My ongoing obsession with all things Iceland needs to be fed on a regular basis. Reading The Whispering Muse, by Sjón was just ticket. I actually got to see Sjón read at The Booksmith. It's always great to see a writer you like (I'd also loved his Blue Fox) in person, but it's particularly rare to get a writer (or really anyone for that matter) in from Iceland, so this event felt particularly special. He mentioned that he's currently writing a book that follows the trajectory of the people born in the same year he was in Iceland. Given the relatively small population of Iceland (just under 322,000 now), that amounts to only about 3,000 others. A sizable chunk, but manageable. I'm telling the universe now: I want this book translated immediately upon publication. Please. PLEEEEASE.
But to get back to The Whispering Muse, this mythic, witty tale is a fast read (a mere 141 pages), and a fun one. I think one of the things that draws me to Icelandic writing is the intersection of an element that is familiar, often familiar in the way a faint memory from childhood stories of fairy tales lingers way in the back of the mind, mixed with a lightning bolt of something so very other from my experience. This book did not disappoint on either of those accounts.
My book club (unofficially referred to as the book club that doesn't read book club books, or at least mostly doesn't) read Unaccustomed Earth, by Jhumpa Lahiri last month. We all already loved Lahiri's work, but none of us had read this 2008 collection yet. I enjoyed living inside each of the stories, I loved the details, and I loved all the cross-cultural challenges between families and partners.
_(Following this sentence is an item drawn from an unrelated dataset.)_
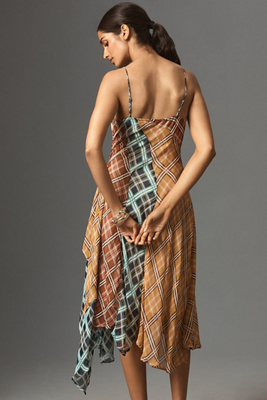 blaize asymmetrical midi dress multi check Whitney Asymmetrical Midi Dress Fit and Flare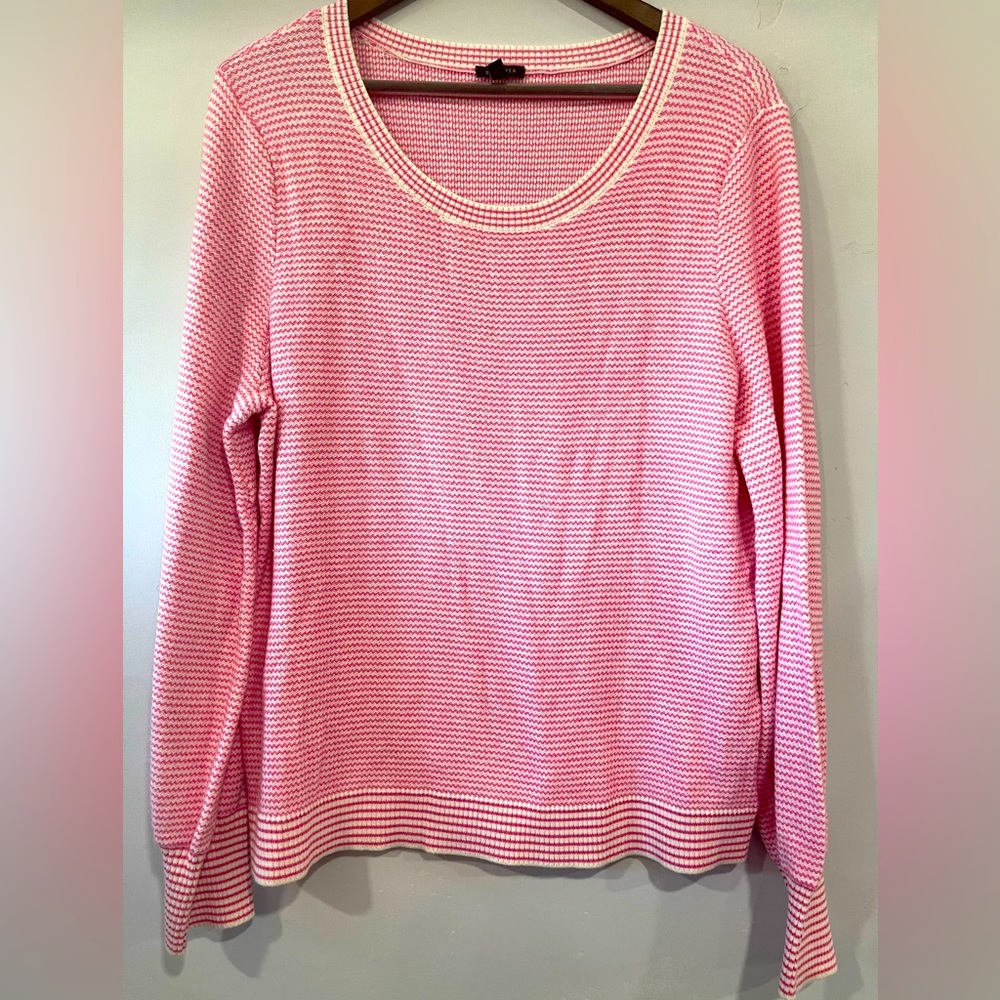 NWOT Talbots Pink & White Sweater Size XL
They are beautiful stories, and beautifully told. But...there just wasn't that much going on in them. Or rather, there was only one thing going on in each one. I found myself trying to find the extra layer in the story, but never did. At one point I had to ask myself if I would even love these stories so much if they weren't about a culture I was unfamiliar with. I'm not sure I would. I know there's a lot of discussion (and there should be) about the push for minority authors to only write about minority issues, and about how limiting that is. I wonder if these stories were victims of that thinking. They are still very much worth reading, which is why I'm including the book here. But crossing fingers her next work has more depth.
I just finished Mr. Penumbra's 24-Hour Bookstore, by Robin Sloan. What a fun read! This is a tech-savvy novel for book lovers, and is chock full of great San Francisco references (it's also alarmingly current: I caught a reference to Fruit Ninja in it). One of my favorite references? "I email the organizer of San Francisco's big literary festival, which runs for a whole week and draws free-spending readers from as far away as Fresno," pg. 203. Yep, that'd be Litquake! :) Bonus feature of this hardback edition that I didn't realize at first: glow-in-the-dark cover. It gave off a creepy glow on my nightstand.
That's it for this quarter's report! I'm on to read some Karen Joy Fowler and finish Lydia Millet's Love in Infant Monkeys next. I'm always open to suggestions on what to read next, so if you have a juicy read I'd love to hear about it!